Try it:
Every entry below, first to last, should be restated word for word.

Short web captions

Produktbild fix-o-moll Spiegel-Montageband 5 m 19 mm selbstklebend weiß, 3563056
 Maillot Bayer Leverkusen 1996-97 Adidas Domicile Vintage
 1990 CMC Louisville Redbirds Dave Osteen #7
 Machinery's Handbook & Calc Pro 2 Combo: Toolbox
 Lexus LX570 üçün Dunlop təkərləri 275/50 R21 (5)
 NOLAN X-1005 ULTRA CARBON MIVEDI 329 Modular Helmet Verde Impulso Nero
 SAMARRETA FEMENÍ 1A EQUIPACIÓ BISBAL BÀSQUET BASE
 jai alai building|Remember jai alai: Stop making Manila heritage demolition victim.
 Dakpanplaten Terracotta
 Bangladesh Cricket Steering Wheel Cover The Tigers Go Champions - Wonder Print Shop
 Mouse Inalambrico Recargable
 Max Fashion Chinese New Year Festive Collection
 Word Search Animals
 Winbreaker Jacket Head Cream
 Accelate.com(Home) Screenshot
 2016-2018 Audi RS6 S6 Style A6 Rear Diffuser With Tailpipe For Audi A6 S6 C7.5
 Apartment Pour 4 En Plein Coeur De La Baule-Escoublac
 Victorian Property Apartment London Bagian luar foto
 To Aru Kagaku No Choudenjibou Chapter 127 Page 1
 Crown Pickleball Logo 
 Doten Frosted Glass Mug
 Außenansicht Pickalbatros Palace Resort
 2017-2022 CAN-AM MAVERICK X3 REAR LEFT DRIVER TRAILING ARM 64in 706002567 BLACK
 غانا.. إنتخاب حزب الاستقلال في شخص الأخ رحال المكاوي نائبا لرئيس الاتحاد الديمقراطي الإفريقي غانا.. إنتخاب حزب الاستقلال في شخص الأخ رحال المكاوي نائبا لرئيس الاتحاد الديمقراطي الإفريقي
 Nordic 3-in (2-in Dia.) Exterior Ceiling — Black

Completed task:
Produktbild fix-o-moll Spiegel-Montageband 5 m 19 mm selbstklebend weiß, 3563056
 Maillot Bayer Leverkusen 1996-97 Adidas Domicile Vintage
 1990 CMC Louisville Redbirds Dave Osteen #7
 Machinery's Handbook & Calc Pro 2 Combo: Toolbox
 Lexus LX570 üçün Dunlop təkərləri 275/50 R21 (5)
 NOLAN X-1005 ULTRA CARBON MIVEDI 329 Modular Helmet Verde Impulso Nero
 SAMARRETA FEMENÍ 1A EQUIPACIÓ BISBAL BÀSQUET BASE
 jai alai building|Remember jai alai: Stop making Manila heritage demolition victim.
 Dakpanplaten Terracotta
 Bangladesh Cricket Steering Wheel Cover The Tigers Go Champions - Wonder Print Shop
 Mouse Inalambrico Recargable
 Max Fashion Chinese New Year Festive Collection
 Word Search Animals
 Winbreaker Jacket Head Cream
 Accelate.com(Home) Screenshot
 2016-2018 Audi RS6 S6 Style A6 Rear Diffuser With Tailpipe For Audi A6 S6 C7.5
 Apartment Pour 4 En Plein Coeur De La Baule-Escoublac
 Victorian Property Apartment London Bagian luar foto
 To Aru Kagaku No Choudenjibou Chapter 127 Page 1
 Crown Pickleball Logo 
 Doten Frosted Glass Mug
 Außenansicht Pickalbatros Palace Resort
 2017-2022 CAN-AM MAVERICK X3 REAR LEFT DRIVER TRAILING ARM 64in 706002567 BLACK
 غانا.. إنتخاب حزب الاستقلال في شخص الأخ رحال المكاوي نائبا لرئيس الاتحاد الديمقراطي الإفريقي غانا.. إنتخاب حزب الاستقلال في شخص الأخ رحال المكاوي نائبا لرئيس الاتحاد الديمقراطي الإفريقي
 Nordic 3-in (2-in Dia.) Exterior Ceiling — Black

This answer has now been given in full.